El martes, a la Embajada. Yo iré con las de López y me llevarán en coche. Tú irás a buscarme allá y ahorramos el gasto de un carruaje. Mi vestido negro con encajes blancos no lo recuerda ya nadie, y lo he vuelto del revés.

El miércoles, gran baile en casa del Duque de***. Me pondré mi vestido bueno, el único descotado, y mis brillantes famosos, y he de estar como la más rica.

El jueves

Y así sucesivamente Aurora iba calculando equipos y gastos, y con electo, resultaba una economía que nadie echaba de ver cuando se encontraba en un salón a este matrimonio dichoso, cuyas rentas nadie sabia; verdad es que nadie se las preguntaba: ventaja inapreciable del mundo bien educado.


V

Quince años vivieron así. Faltóles para su felicidad fruto de bendición, pero en cambio fueron admiración del mundo y envidia de sus ami- gos.

Una noche, al salir del teatro, Aurora se acatarró; no hizo caso, y se puso peor. A los dos días tuvo que hacer cama, y a los diez Andrés era viudo.

Su dolor fué inmenso; ¡una mujer adorada! una mujer joven, hermosa, discreta, amantí sima, económica y virtuosa!

Andrés sintió deseos de suicidarse, pero no llegó a tan triste caso, que tal vez hubiera sido el único en los annales del matrimonio.

La muerte de su mujer le sorprendió en uno de esos días que hay en la historia de todos los matrimonios felices.
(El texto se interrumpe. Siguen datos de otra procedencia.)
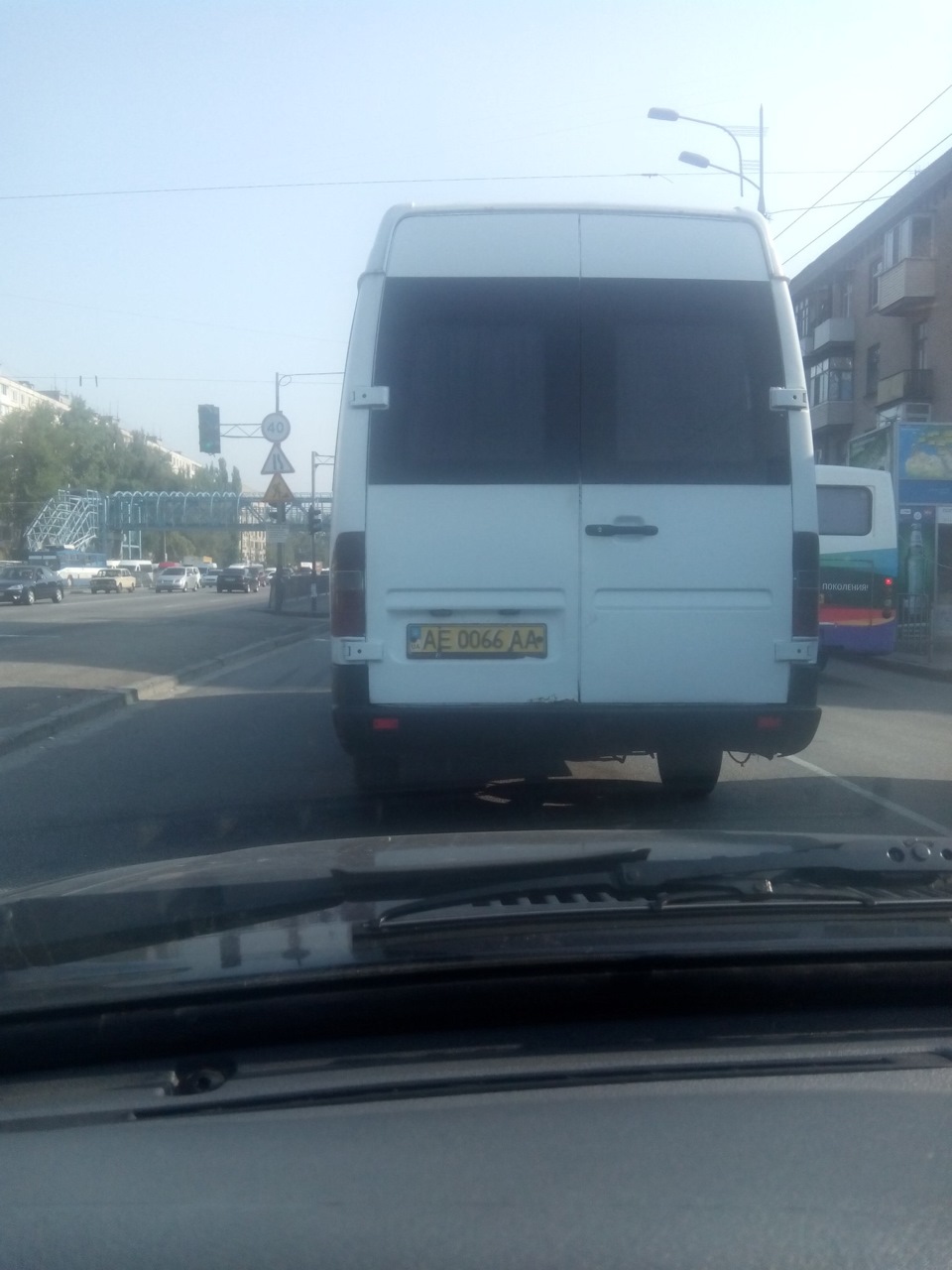 маршрутки)))) 1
Sin dinero. Tenía algo, pero no lo bastante para rendir a su adorada compañera el último tributo de cariño en toda regla.

La vanidad llega hasta los umbrales de la muerte. Todo Madrid había ido a preguntar por el estado de la enferma, y todo Madrid iba a asistir al entierro.

Andrés pidió dinero prestado y no se lo dieron, y acudió al recurso vulgar más en uso, porque es el más práctico.

— Toma, querido, le dijo a un amigo de la infancia que no le había abandonado un instante durante la enfermedad de Aurora; toma, lleva a la casa de préstamos de enfrente estas alhajas.

Son falsas, pero falsas y todo, me dieron por ellas tres mil: reales el año pasado en cierto apuro que tuvimos. Corre, y tráeme algún dinero en seguida.

A la media hora estaba de vuelta el amigo exclamando:

— Pero tú ¿de dónde has sacado que tus alhajas no son buenas? ¡Brillantes magníficos, y ahí tienes nueve mil duros que acaban de darme en el Monte de Piedad ahora mismo!